A survivalist, primitivist “bozo” is going to be the one that knows where the carrots are and knows how to get them, and once they have them, will know how to protect them. Not to mention a hard core survivalist will know how to steal them as well.
Now, some survivalists that perhaps aren’t quite as prepared for the time when all hell breaks loose, may turn to one another and say “Oh wow, my brother looks like he’d be good to eat” Or “My child….my sister..” and so on.
But for us here?
Oh, you bet we’re going to be prepared.
And we have something better than that.
We’re together.
So, I don’t believe it’s those of us that are here that are going to be preparing speaches for the acceptance of the Darwin Adwards.

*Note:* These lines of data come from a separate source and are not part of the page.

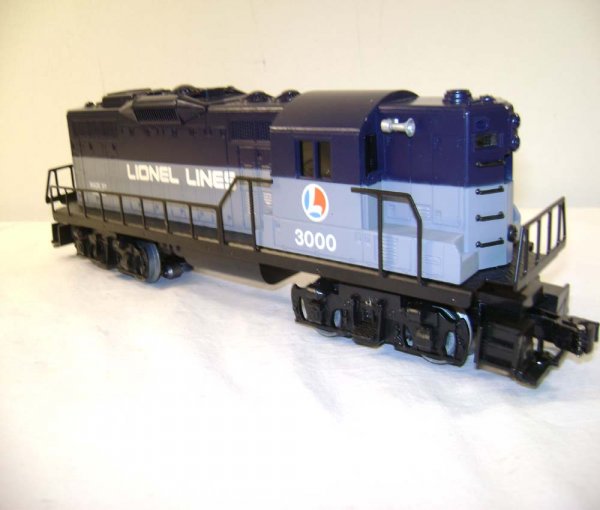 ABT: Lionel #33000 Railscope TV GP-9 Diesel/OB - 2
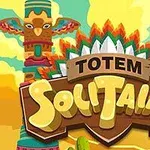 Título Totem Solitaire con un colorido tótem en el fondo y un cielo azul con nubes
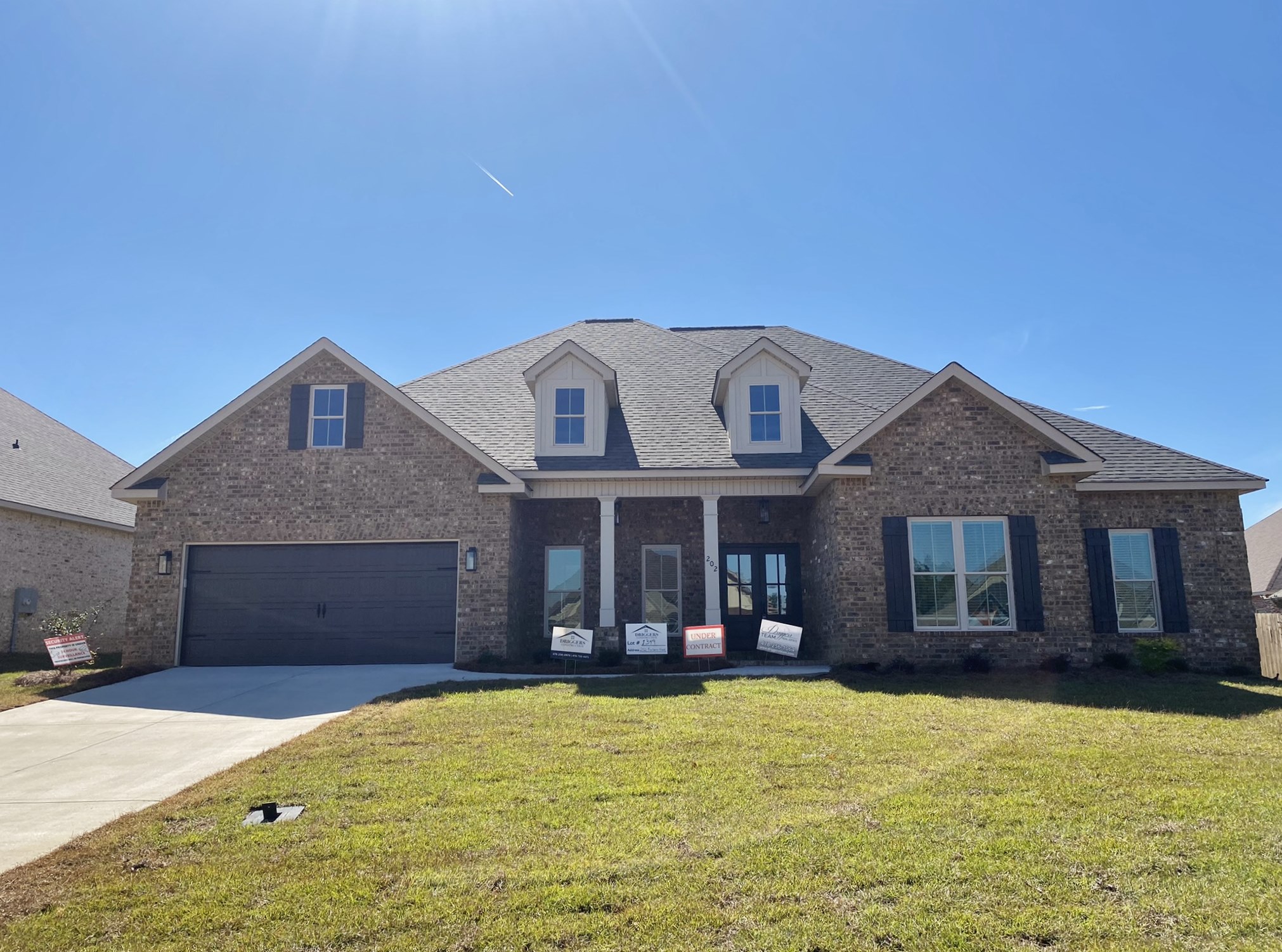 202 Foxberry Nook – Front Home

Nope, it will be those people that laugh in the face of the very people that will survive.
=)
Have a nice day!
Comment by Miranda — 27 November 2005 @ 10:26 AM
Yes, even several, but for this I need an answer to my yet unanswered question to Jason:
(was “the distinction between complexity, and the cost of complexity”)
P.S. Some of you don’t seem to know much about Darwin Awards
http://www.darwinawards.com/
You will have to prepare your acceptance speechs in advance
Comment by Ah no nymous — 27 November 2005 @ 12:49 PM
Actually, I do happen to know exactly what the Darwinawards are.
Like I said.
I wont have to be preparing my speech.
Comment by Miranda — 27 November 2005 @ 1:00 PM
Hey, I kind of like this Ah-no-nymous person! Can we keep him (her) as a pet? It’s kind of like having a parrot.
“Awk! You’re wrong! Awk! You’re wrong!”
Neat!
Now, dear Ah-no-nymous, don’t complain too hard about my sentiment. After all, you brought it on yourself with the stereotypical villian laugh at the beginning of a post.
But hey, here you’re just paying attention to Jason when the rest of us have posted some nice things to you too. For example, I’ll posit this little question. Who’s most likely to win the Darwin Award? People who stay with a civilization in the middle of causing the single greatest mass extinction in the history of the planet? OR those who try to find a different way?
Hm.
I wonder.
Well, hey friend, good luck to you sitting in the city watching TV when the lights go out. I’m sure the blank screen will continue to be a good companion even after the images go away.